Bengaluru, May 29: Seven out of ten (72 per cent) workers in Karnataka reported having lost their employment during the COVID-19-induced lockdown, according to findings of a survey by Azim Premji University, in collaboration with ten civil society organisations.

The university said in a statement it conducted "a detailed" phone survey of 5,000 workers across 12 states in the country, to gauge the impact of the COVID-19 lockdown on employment, livelihoods, and access to government relief schemes.

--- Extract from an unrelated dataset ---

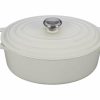 Dutch Ovens & Braisers * | Le Creuset 6.75 Qt. Oval Signature Dutch Oven With Stainless Steel Knob | White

The survey covered self-employed, casual, and regular wage and salaried workers and it released the findings for Karnataka on Thursday.

Seventy-six per cent of urban workers and 66 per cent of rural workers lost their employment, the survey findings said.

For non-agricultural self-employed workers and wage workers, who were still employed, average weekly earnings fell by two-third.

More than four in ten salaried workers (44 per cent) saw either a reduction in their salary or received no salary during the lockdown.

Six out of ten households reported that they did not have enough money to buy even a weeks worth of essential items, according to the survey.

Eight out ten households reported a reduction in food intake, while less than three in ten vulnerable households (27 per cent) in urban Karnataka received any form of cash transfer from the government, it said.

In summary, the disruption in the Karnatakas economy and labour markets is enormous. Livelihoods have been devastated at unprecedented levels during the lockdown.

The recovery from this could be slow and very painful, the statement said.

As a response to the findings of this survey, the team which has conducted the survey suggested a universalisation of the PDS to expand its reach and implementation of expanded rations for at least the next six months.

It suggested cash transfers equal to at least Rs.7000 per month for two months, and proactive steps like expansion of MGNREGA, introduction of urban employment guarantee, and investment in universal basic services, among others.